** EXERCISE DESCRIPTION **
Give back the lines below verbatim, omitting all pictures.

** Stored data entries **
--*--
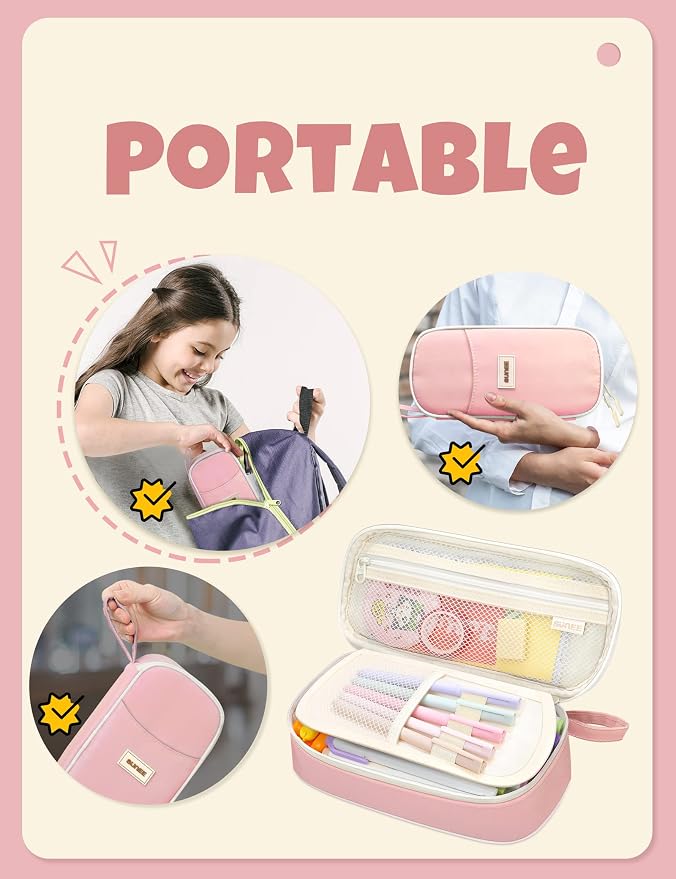 SUNEE Cute Pencil Case, Aesthetic Pen Pouch, Colored Large Pencil Bag - Image 6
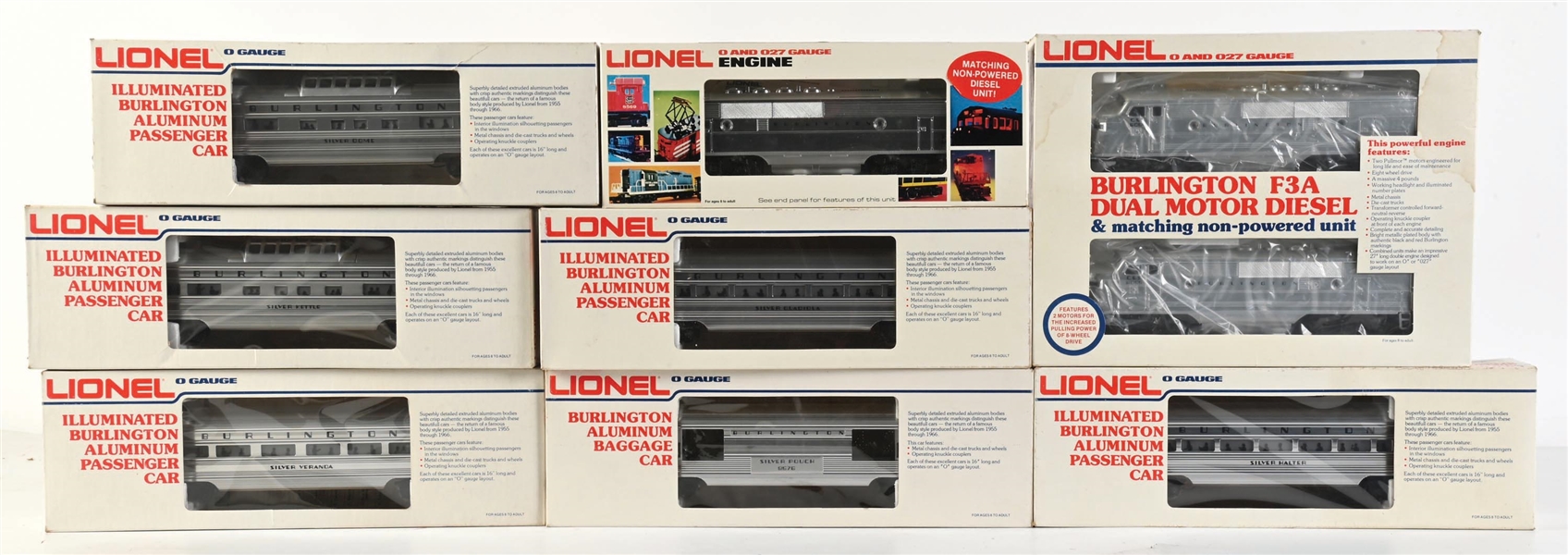 SET OF 8: LIONEL O-GA. BURLINGTON F-3A DUAL MOTOR DIESEL W/ ILLUMINATED ALUMINUM PASSENGER CARS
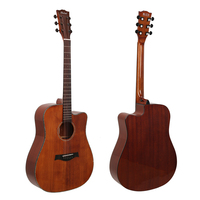 Factory Manufacture Glossy Finishing With Binding Stringed Musical Instrument 41Inch Premium Spruce Solid Acoustic Guitar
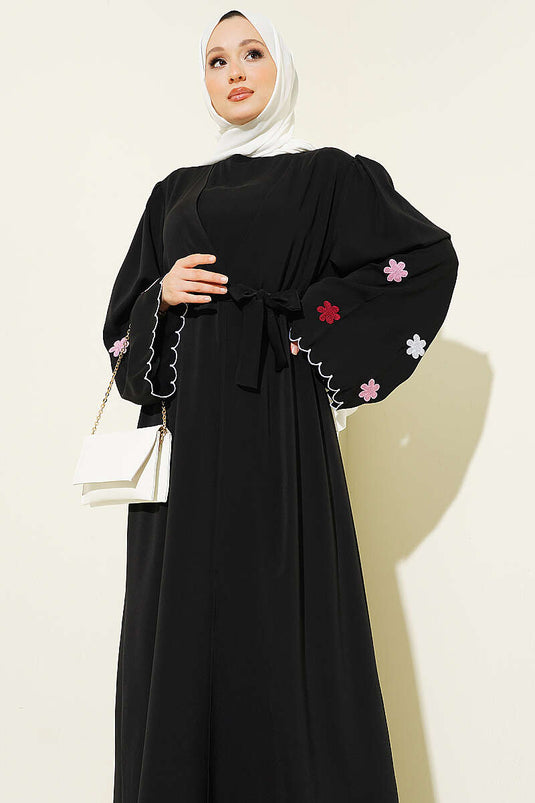 Kolları Çiçek Nakışlı Abaya Siyah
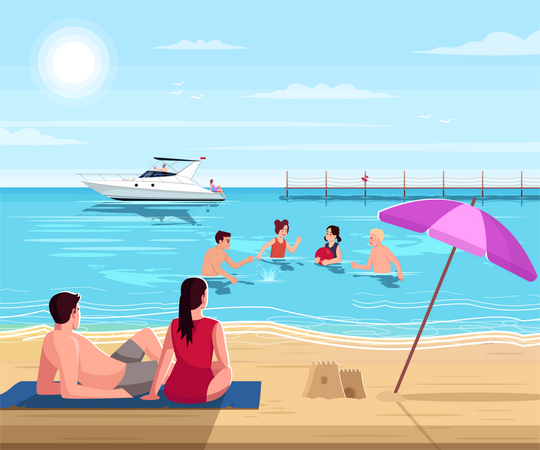 Plage publique  Illustration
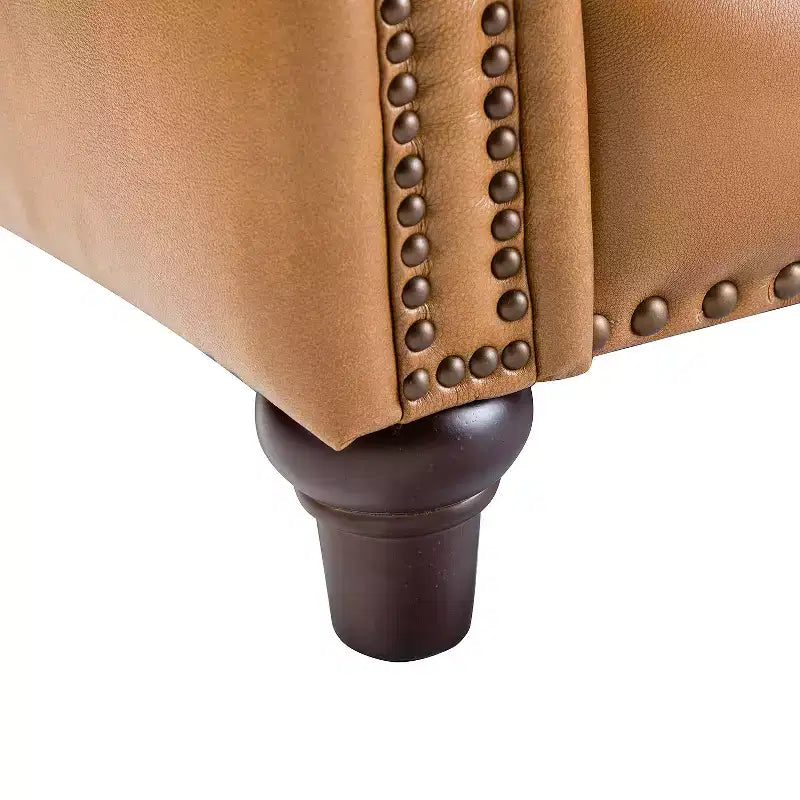 Set of 2 Theresa Modern Upholstery Genuine Leather Recliner with Nailhead Trim for Living Room and Bedroom| ART OF LIVING DESIGNS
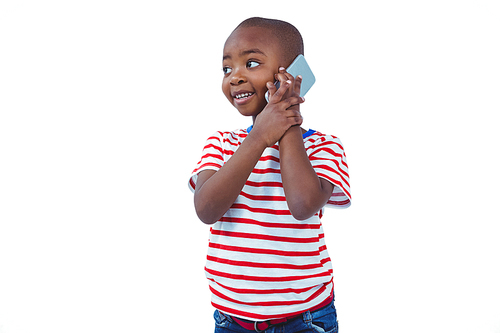 Standing boy on a phone call on white screen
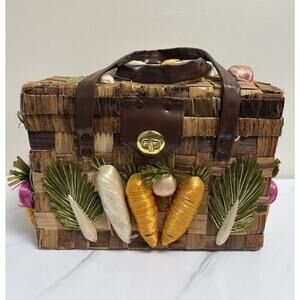 Vintage Woven Basket Handbag Vegetable Motif 1970s Box Purse Brown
--*--
** FINISHED TASK **
 SUNEE Cute Pencil Case, Aesthetic Pen Pouch, Colored Large Pencil Bag - Image 6
 SET OF 8: LIONEL O-GA. BURLINGTON F-3A DUAL MOTOR DIESEL W/ ILLUMINATED ALUMINUM PASSENGER CARS
 Factory Manufacture Glossy Finishing With Binding Stringed Musical Instrument 41Inch Premium Spruce Solid Acoustic Guitar
 Kolları Çiçek Nakışlı Abaya Siyah
 Plage publique  Illustration
 Set of 2 Theresa Modern Upholstery Genuine Leather Recliner with Nailhead Trim for Living Room and Bedroom| ART OF LIVING DESIGNS
 Standing boy on a phone call on white screen
 Vintage Woven Basket Handbag Vegetable Motif 1970s Box Purse Brown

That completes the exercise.